Ia tak akan lari kemana-mana. Bahkan, tanpa kau sadari kebahagiaan itu
sering datang sendiri.”
Kakek
Tua itu mengangkat tangannya. Hap, tiba-tiba, tampak seekor kupu-kupu
yang hinggap di ujung jari. Terlihat kepak-kepak sayap kupu-kupu itu,
memancarkan keindahan ciptaan Tuhan. Pesonanya begitu mengagumkan,
kelopak sayap yang mengalun perlahan, layaknya kebahagiaan yang hadir
dalam hati. Warnanya begitu indah, seindah kebahagiaan bagi mereka yang
mampu menyelaminya.
summary:
Mencari kebahagiaan adalah layaknya
menangkap kupu-kupu. Sulit, bagi mereka yang terlalu bernafsu, namun
mudah, bagi mereka yang tahu apa yang mereka cari. Kita mungkin dapat
mencarinya dengan menerjang sana-sini, menabrak sana-sini, atau
menerobos sana-sini untuk mendapatkannya. Kita dapat saja mengejarnya
dengan berlari kencang, ke seluruh penjuru arah. Kita pun dapat
meraihnya dengan bernafsu, seperti menangkap buruan yang dapat kita
santap setelah mendapatkannya.
Namun
kita belajar. Kita belajar bahwa kebahagiaan tak bisa di dapat dengan
cara-cara seperti itu. Kita belajar bahwa bahagia bukanlah sesuatu yang
dapat di genggam atau benda yang dapat disimpan.
Bahagia adalah
udara, dan kebahagiaan adalah aroma dari udara itu. Kita belajar bahwa
bahagia itu memang ada dalam hati. Semakin kita mengejarnya, semakin
pula kebahagiaan itu akan pergi dari kita.
Semakin kita berusaha
meraihnya, semakin pula kebahagiaan itu akan menjauh.

Cobalah
temukan kebahagiaan itu dalam hatimu. Biarkanlah rasa itu menetap, dan
abadi dalam hati kita. Temukanlah kebahagiaan itu dalam setiap langkah
yang kita lakukan. Dalam bekerja, dalam belajar, dalam menjalani hidup
kita. Dalam sedih, dalam gembira, dalam sunyi dan dalam riuh.
Temukanlah
bahagia itu, dengan perlahan, dalam tenang, dalam ketulusan hati kita.

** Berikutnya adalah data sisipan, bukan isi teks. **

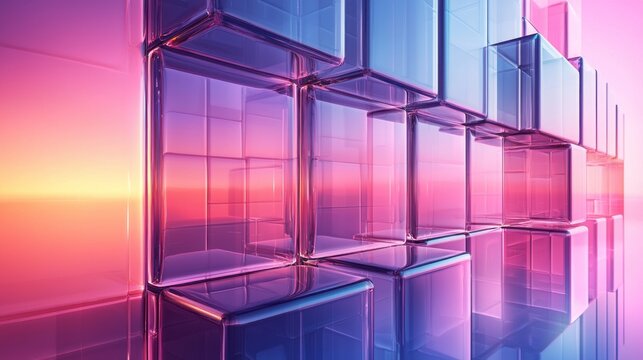A colorful wall of cubes with a pink and purple background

Saya percaya, bahagia itu ada dimana-mana. Rasa itu ada di sekitar
kita. Bahkan mungkin, bahagia itu “hinggap” di hati kita, namun kita
tak pernah memperdulikannya. Mungkin juga, bahagia itu berterbangan di
sekeliling kita, namun kita terlalu acuh untuk menikmatinya.